Perhaps Raffaele was behind Meredith and sneezed or patted her on the back or put his hand on her back to gently motion her to one side or say 'hello'.

The proscecution needs to prove that this key evidence is solid, otherwise nobody should believe them.

Patted her on the back or put his hand on her back to gently motion her??!
Are you for real.
He would have had to put his hand on her BRA in order for his DNA to stick.
That, at least has never been presented as plausible by any of the defense team.
 
Check out how much emphasis was put on that mop in amanda's storytelling.
It obviously had some strong component in the case; it has been theorized that amanda bought or switched mop heads after they pair had cleaned up the murder scene.
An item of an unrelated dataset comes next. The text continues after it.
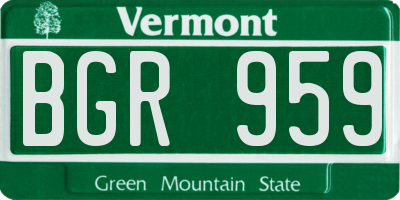 VT license plate BGR959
Aren't you kinda starting out with the presumption of guilt, there, and then using that presumption as evidence of guilt? If they're not guilty, Amanda is probably just telling the truth about the mop (what she says is supported by the leak in the pipes at Raffaele's place, after all). It certainly makes little sense in a pro-guilt narrative, which is why implausible mop-switching theories have to be invented to explain it.
 
loverofzion,

It is a matter of Italian law. Here is a medical definition.

narcotic (narc)
[narkot′ik]
Etymology: Gk, narkotikos, benumbing
1 adj, pertaining to a substance that produces insensibility or stupor.
2 n, a narcotic drug. Narcotic analgesics, derived from opium or produced synthetically, alter perception of pain; induce euphoria, mood changes, mental clouding, and deep sleep; depress respiration and the cough reflex; constrict the pupils and cause smooth muscle spasm, decreased peristalsis, emesis, and nausea. Repeated use of narcotics may result in physical and psychologic dependence. Among the narcotic drugs administered clinically for relief of pain are butorphanol tartrate, hydromorphone hydrochloride, morphine sulfate, pentazocine lactate, and meperidine hydrochloride. These drugs act by binding to opiate receptors in the central nervous system; narcotic antagonists such as naloxone hydrochloride, which is used in treating narcotic overdosage, apparently displace opiates from receptor sites. The term is now often used to refer to any illicit drug, and its use is therefore discouraged in medical settings. Opioid is now the preferred term.
Mosby's Medical Dictionary, 8th edition. © 2009, Elsevier.

And this medical definition helps amanda- how?